© Henrique Medina (18 de Agosto de 1901, Porto - 30
de Novembro de 1988)
Pessoa em carta de Lisboa, 5 de Janeiro de
1914, a Teixeira de Pascoaes:
Passo
a vida a adiar tudo – e para quando?
*
O que mais surdamente pretendo – é não
prota/nem/anta/gonizar o livro que, queira-o ou não, sou. Agonizar também não
quero. Ambiciono a paz e a indiferença – mais o que resulta da fusão de ambas.
Quero muito isto: ficar escrito em paridade com o inefável e o redundante. Ao
cimo, enfim, duas datas no peito de mármore. Ao fundo, um rumor de raízes
obstinadas, voluntariosos vermes e meia-dúzia de versos justificando as ossadas
e as surdas pretensões que nutri em vida.
*
Trabalho
ora com bons materiais: perfilados como de moedas, os rostos das pessoas. A
economia delas: o que gastam sobre a mesa, se sim ou não arranjaram as unhas a
pagar, o calçado que as leva e traz, os óculos e as minuciosas parafernálias
afins. São estas fragmentações que me dão trabalho – e eu nunca voltei o rosto
ao serviço.
*
A felicidade é compósita, é elementar a
tristeza. (Penso isto mesmo.)
*
Outras vezes, acode-me desejar compor os
versos das canções que novas Sereias cantassem para desespero novo de novos
Ulisses.
*
Que poderia ser isto, minhas filhas, em
nosso redor
– senão o manto-de-mágico das estrelas no
veludo tão alto da Noite que cruzais dormindo em transes de açúcar?
– senão a bondade infinita dos olhos dos
cães e das vacas e das mulheres que os homens amam para que filhos e filhas?
– senão três, quatro árvores atoalhando de
sombra de escuro linho a clara relva que grita verdes?

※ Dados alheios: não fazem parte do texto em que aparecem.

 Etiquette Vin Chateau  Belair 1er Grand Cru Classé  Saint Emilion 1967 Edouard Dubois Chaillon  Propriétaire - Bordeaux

– senão um homem banal a escrever versos de
domingo no Café de todos os dias as noites todas pensando nas filhas?
*
Além, minha cabeça adentro, os legos
humildes do casario ao colo da serra: como crianças de cal, cabelo vermelho,
olhos que o sol doura como a janelas. De que para não precisar de ser feliz
preciso? De coisas cabeça afora. Mas: impõem-se os recados gráficos de
cercanias a que falta um centro – como se a S. Martinho do Bispo e a Lordemão
faltasse, centrípeta, a Torre da Universidade.
*
Vai Junho acabando. Outras coisas vão
começando. Amanhã, reabre a casa-de-pasto Viaduto. Ontem, falei um pouco como
pessoas que não eram eu. Na cama, sentia os carros subindo a Avenida. Hoje é
domingo. No Nosso, a vozearia de um aldeão alcoolizado (marca feirante), de tez
enegrecida pelo courato do esterco, incomoda. Não é o álcool dele que incomoda.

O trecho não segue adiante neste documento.